=== DATA PROVIDED ===

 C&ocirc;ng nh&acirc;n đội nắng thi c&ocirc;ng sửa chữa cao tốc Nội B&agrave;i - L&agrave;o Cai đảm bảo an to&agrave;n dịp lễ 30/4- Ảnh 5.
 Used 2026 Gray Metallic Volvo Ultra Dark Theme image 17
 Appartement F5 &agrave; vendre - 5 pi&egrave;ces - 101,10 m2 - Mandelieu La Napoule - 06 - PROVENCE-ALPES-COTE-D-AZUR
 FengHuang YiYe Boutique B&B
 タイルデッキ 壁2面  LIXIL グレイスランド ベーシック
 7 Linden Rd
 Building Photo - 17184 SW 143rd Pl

===
=== DATA PROVIDED ===

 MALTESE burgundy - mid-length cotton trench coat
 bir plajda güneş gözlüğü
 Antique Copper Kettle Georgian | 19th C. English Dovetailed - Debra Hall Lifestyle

===
=== DATA PROVIDED ===

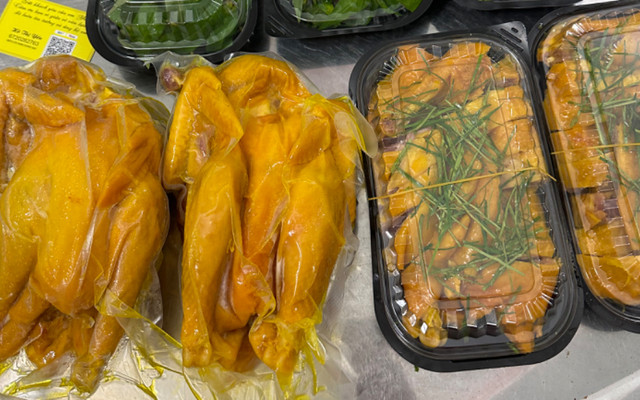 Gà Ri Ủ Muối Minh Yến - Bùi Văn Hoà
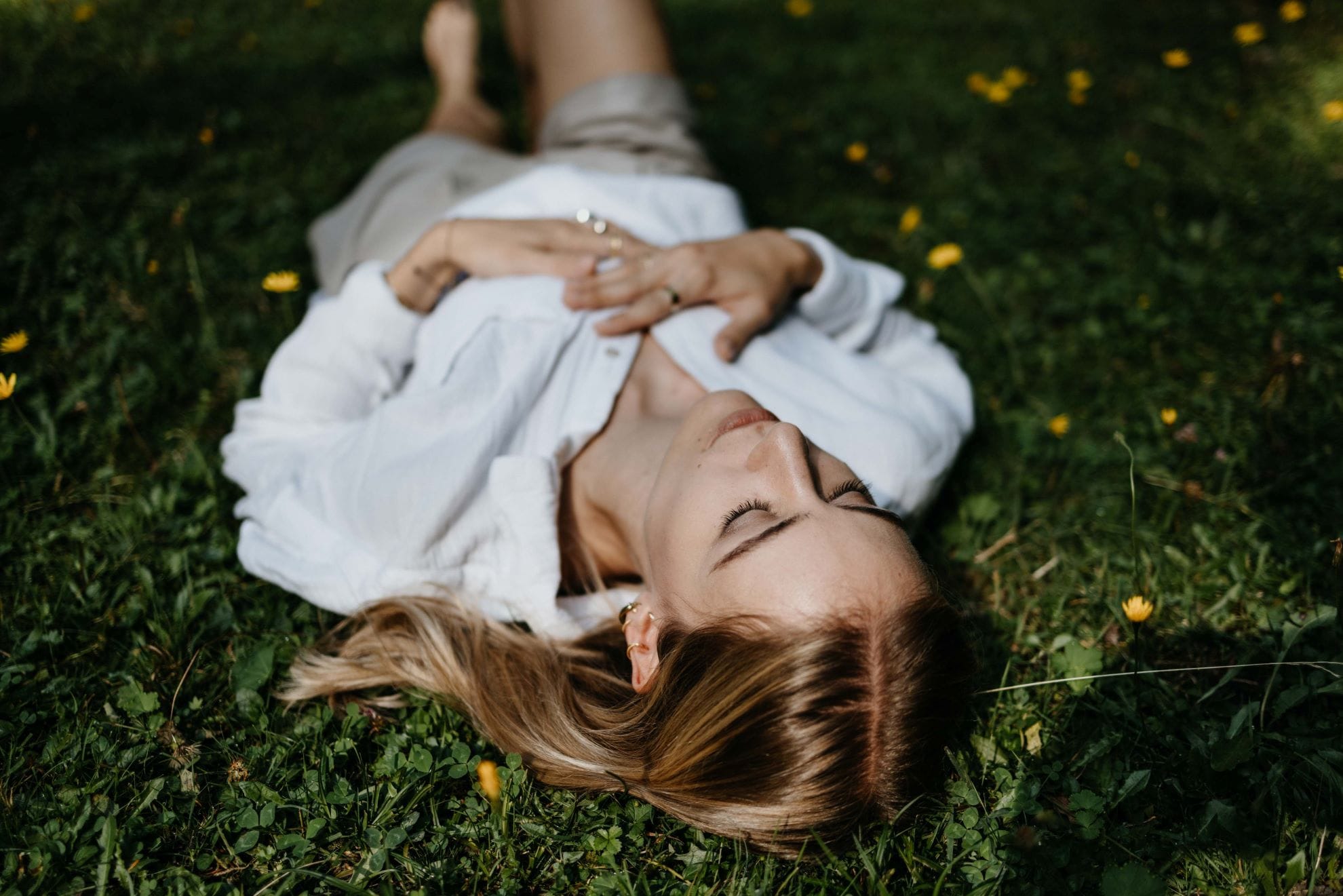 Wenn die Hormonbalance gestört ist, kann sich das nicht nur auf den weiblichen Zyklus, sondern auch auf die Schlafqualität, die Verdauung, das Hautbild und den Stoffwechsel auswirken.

===

Answer with one number only, the count of lines in the entries above that hold the string "agrave".

**TASK ANSWER:** 2